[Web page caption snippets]

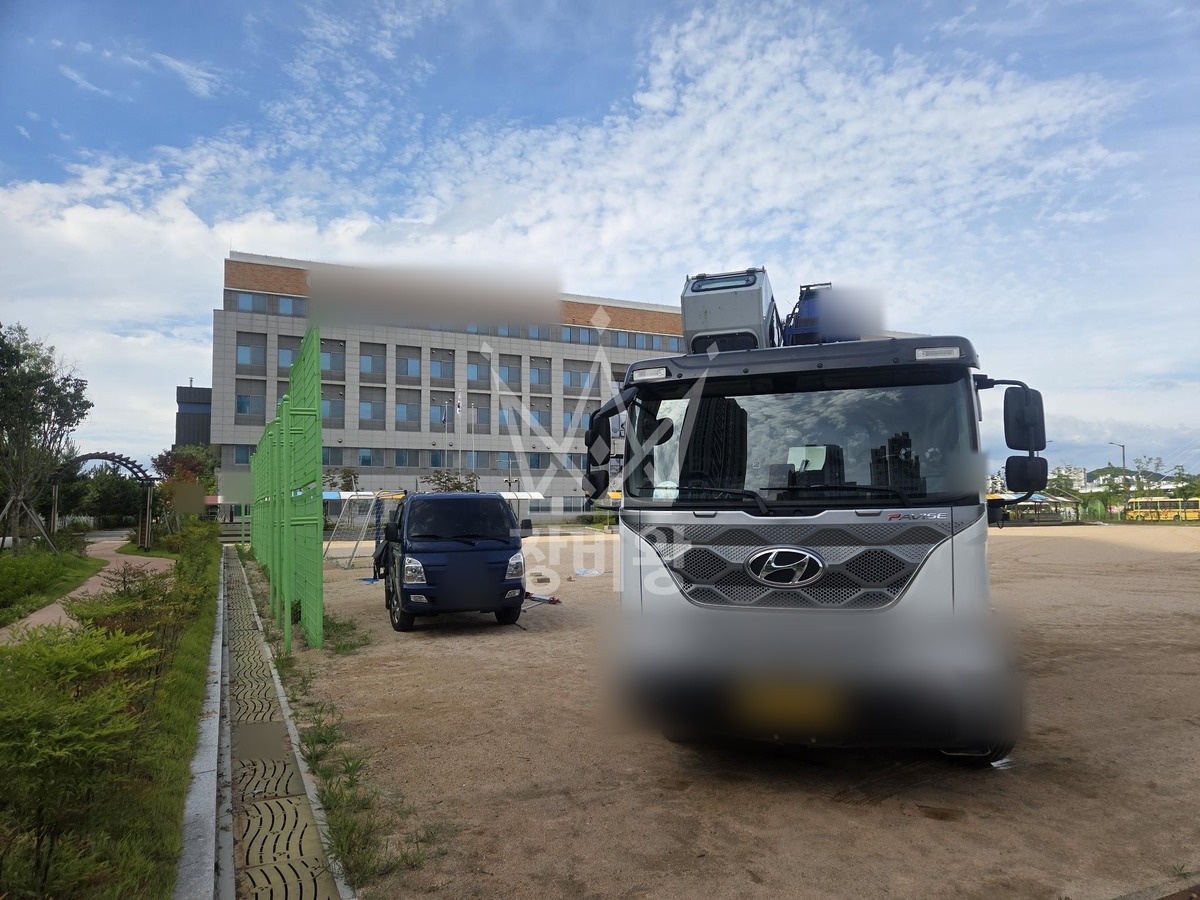 인천 연수구 송도동 5톤 크레인 파고라설치 작업완료사진 1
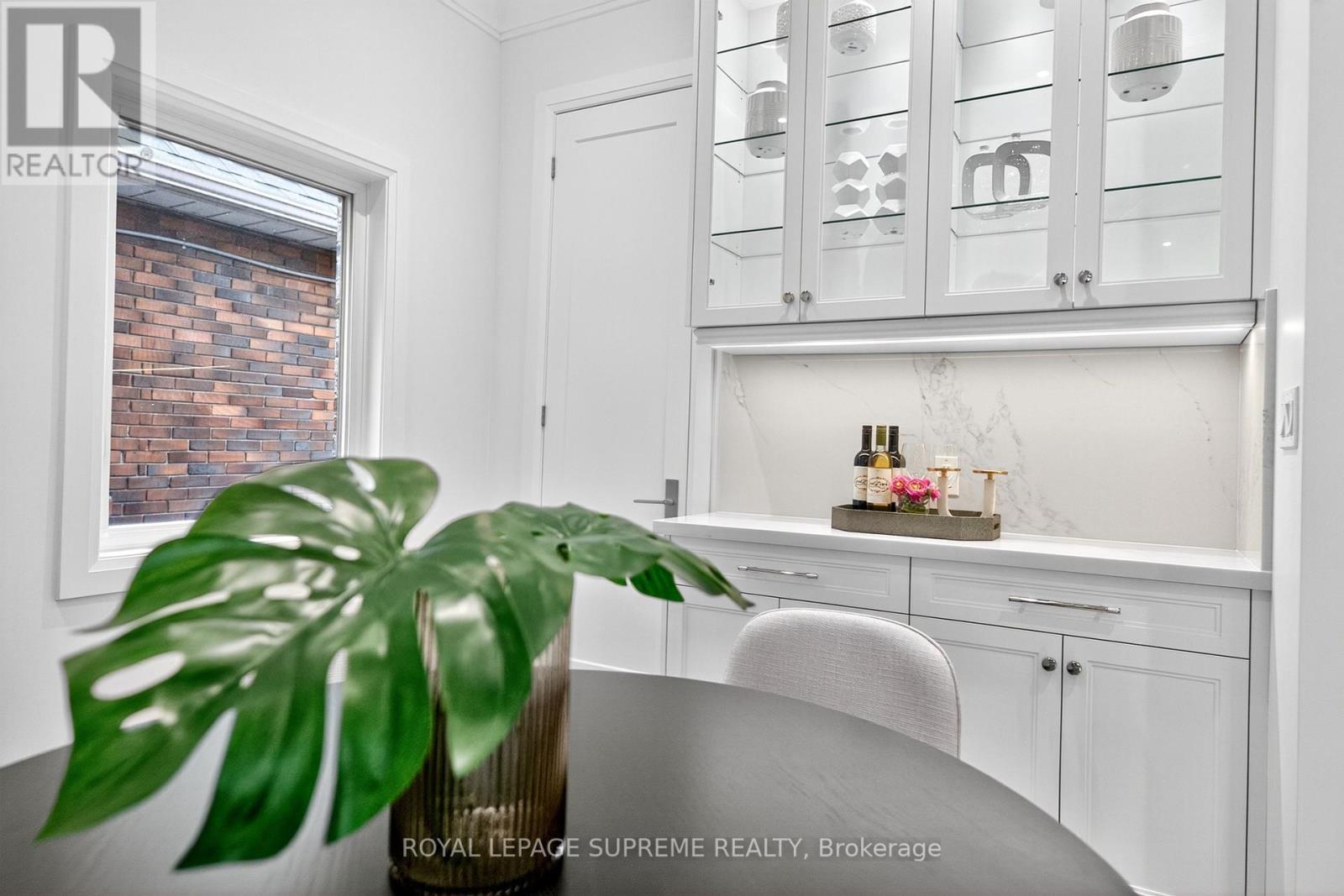24 York Avenue, Toronto, Ontario  M6N 2V2 - Photo 18 - W12432640
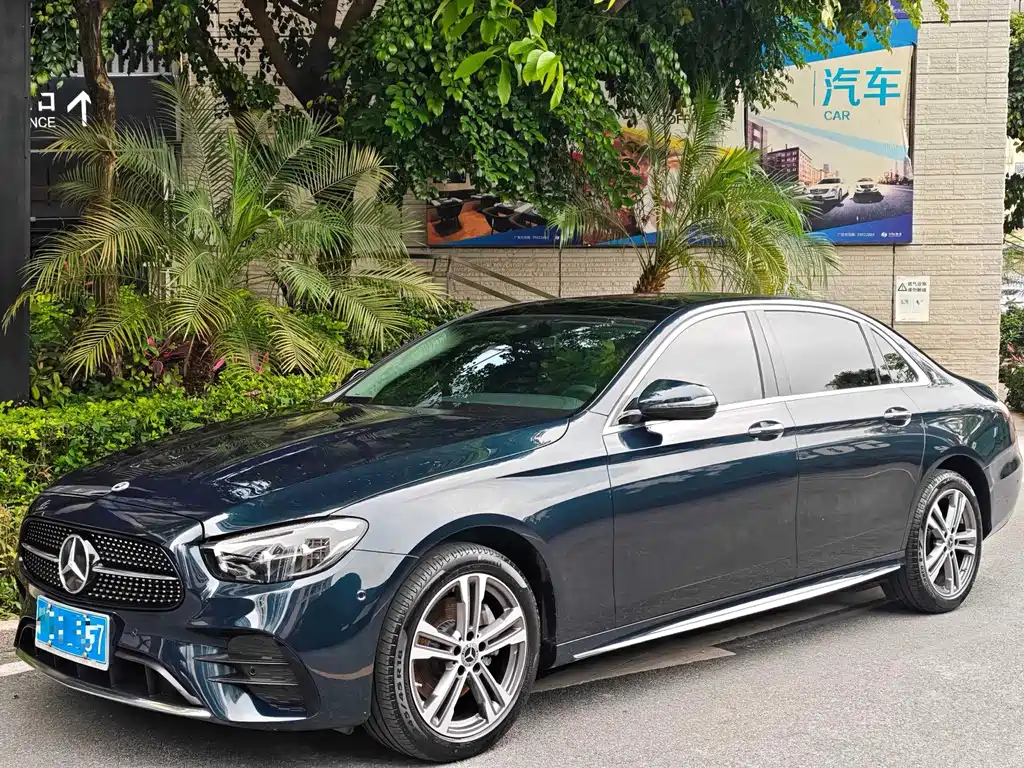 Mercedes-Benz E-Class 2022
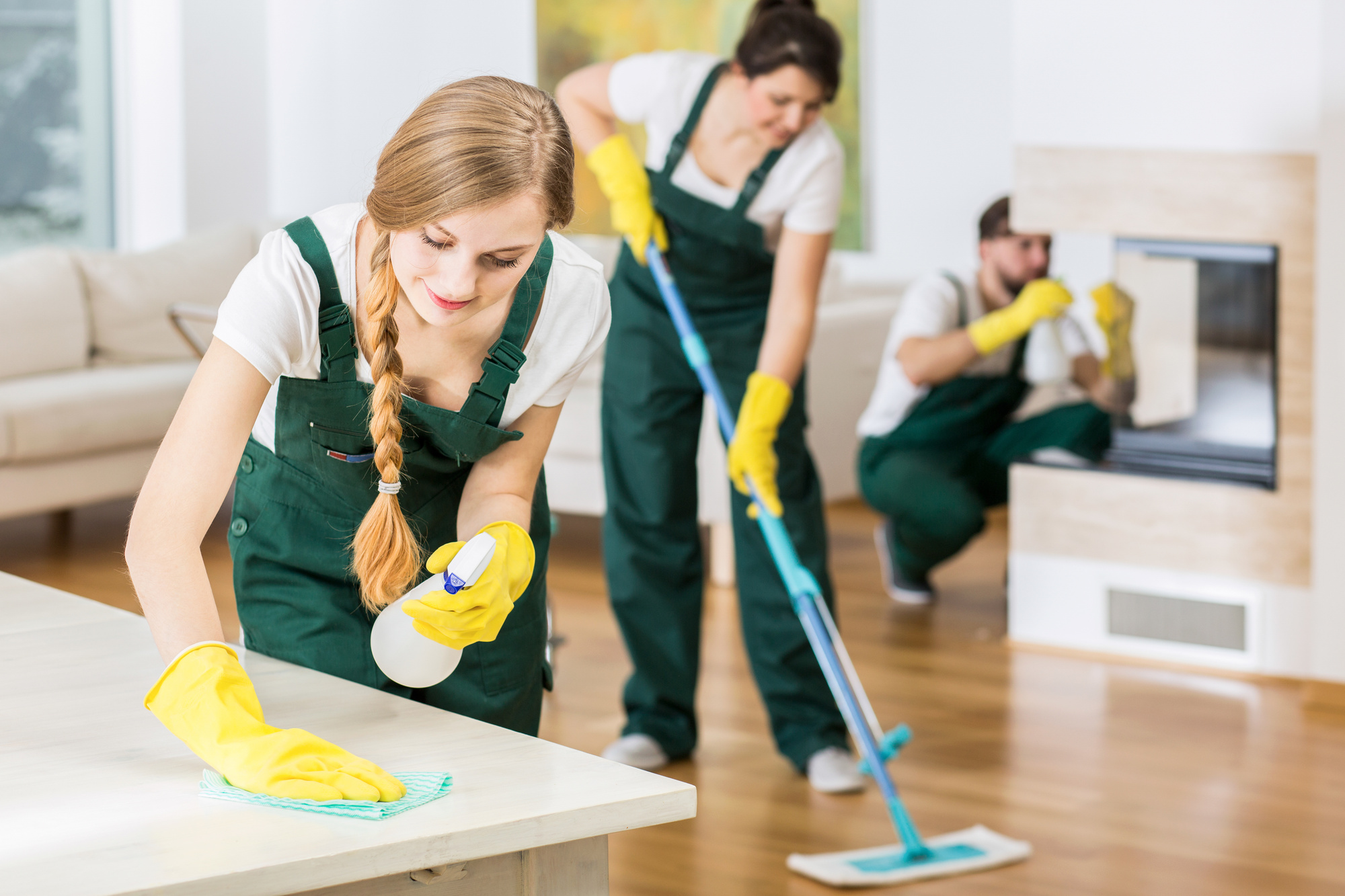 Maximizing Cleanliness: The Advantages of Routine House Cleaning Services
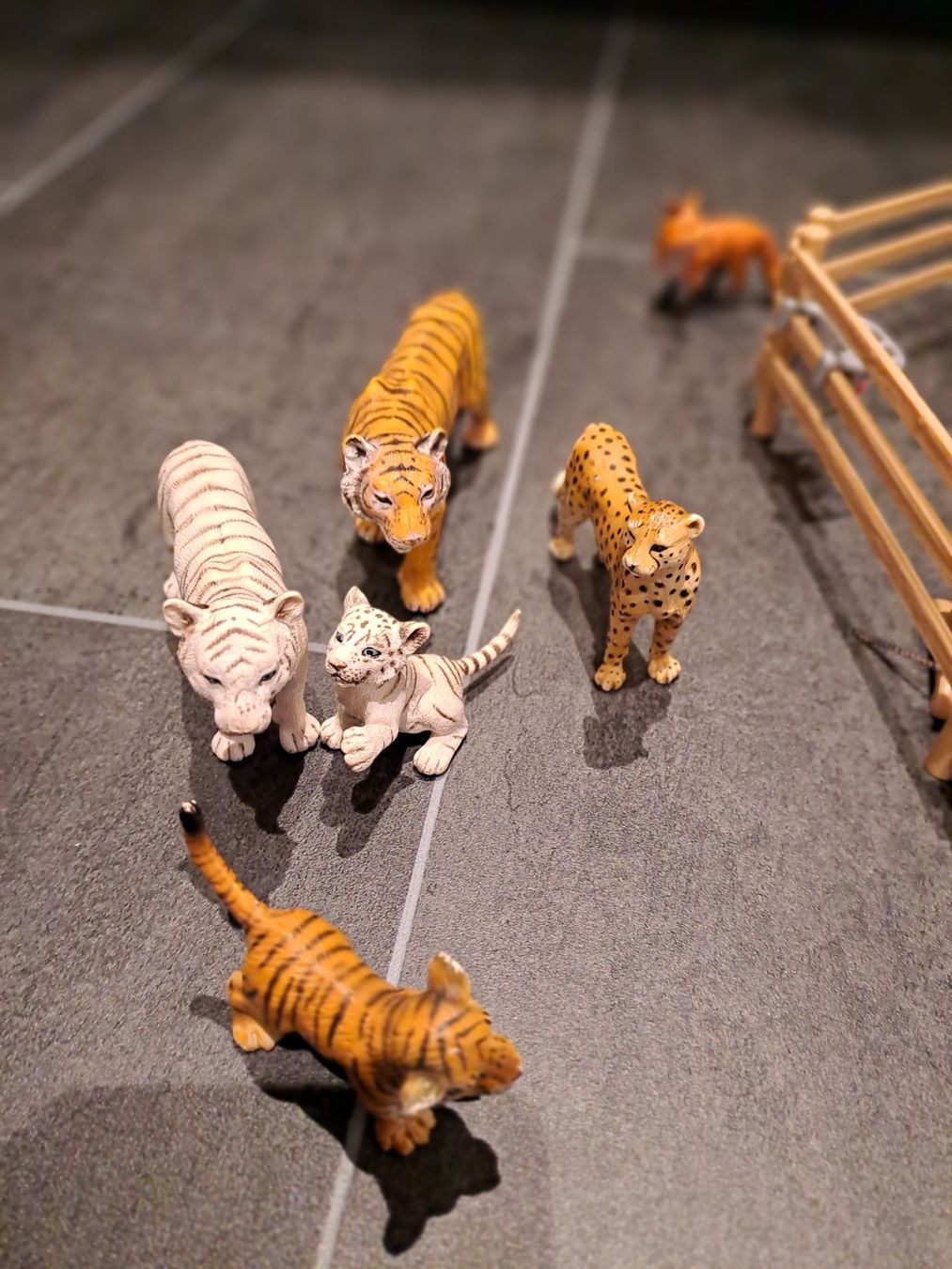 Schleich Spielzeuge: Schleich Pferde Auslauf – Gebraucht aus Cordast von  1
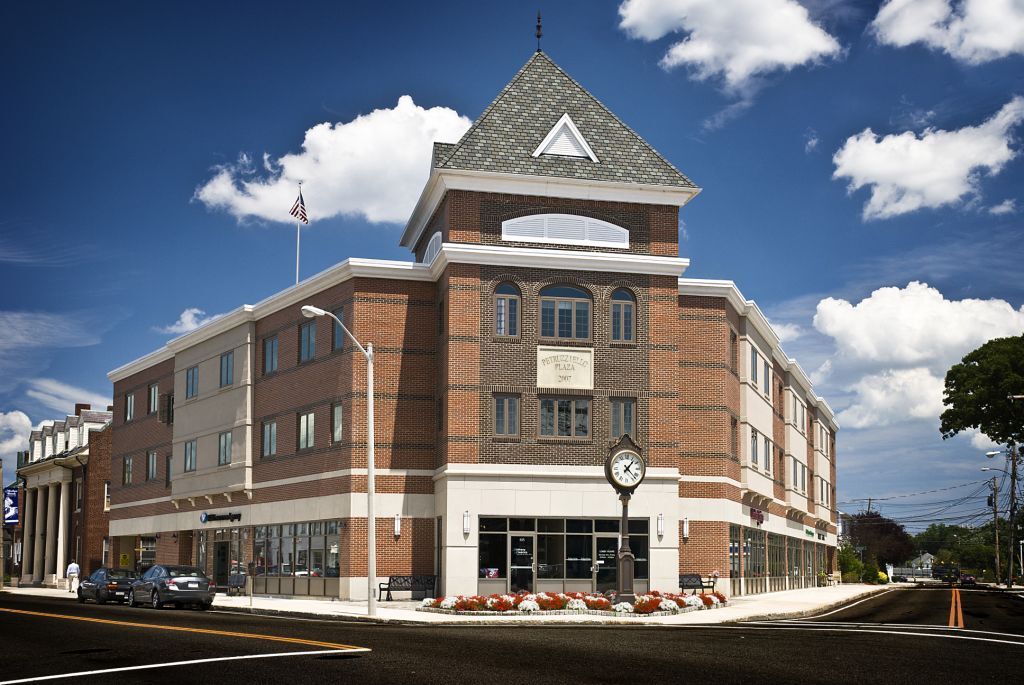 412 Washington Street, Dedham, MA - mixed-use development by Supreme Companies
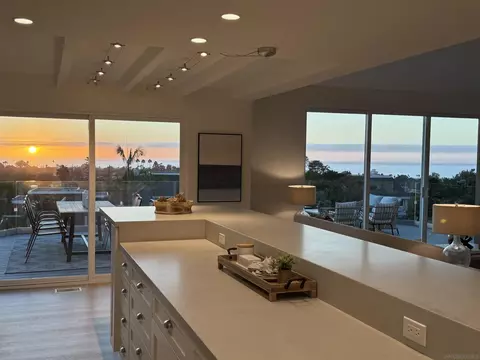 Kitchen - 1711 Burgundy Rd, Encinitas, CA 92024 photo 1 of 8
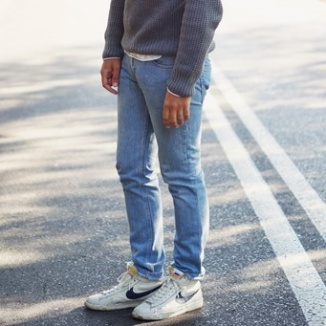 Jesienne jeansy dla mężczyzn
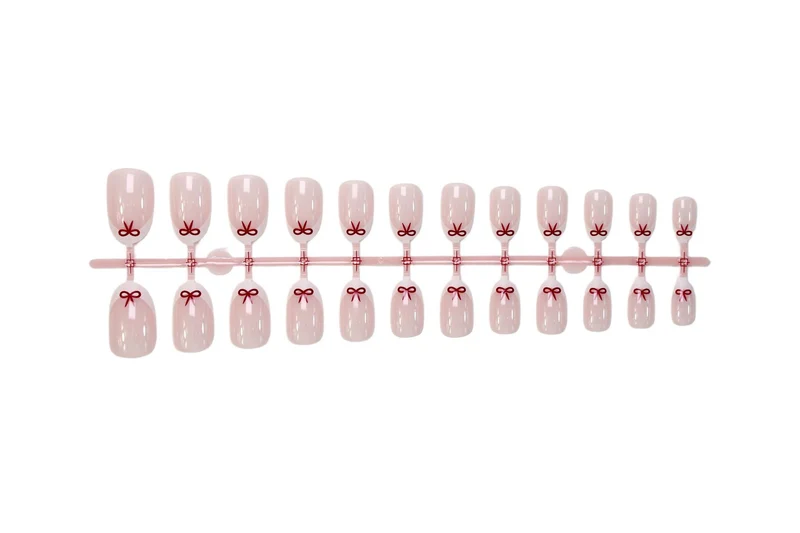 Kunstnagelset mit romantischen Schleifen-Motiven und französischem Design Brehn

** Goal of the exercise **
Return the data word for word without its pictures.

** Output **
 인천 연수구 송도동 5톤 크레인 파고라설치 작업완료사진 1
24 York Avenue, Toronto, Ontario  M6N 2V2 - Photo 18 - W12432640
 Mercedes-Benz E-Class 2022
 Maximizing Cleanliness: The Advantages of Routine House Cleaning Services
 Schleich Spielzeuge: Schleich Pferde Auslauf – Gebraucht aus Cordast von  1
 412 Washington Street, Dedham, MA - mixed-use development by Supreme Companies
 Kitchen - 1711 Burgundy Rd, Encinitas, CA 92024 photo 1 of 8
 Jesienne jeansy dla mężczyzn
 Kunstnagelset mit romantischen Schleifen-Motiven und französischem Design Brehn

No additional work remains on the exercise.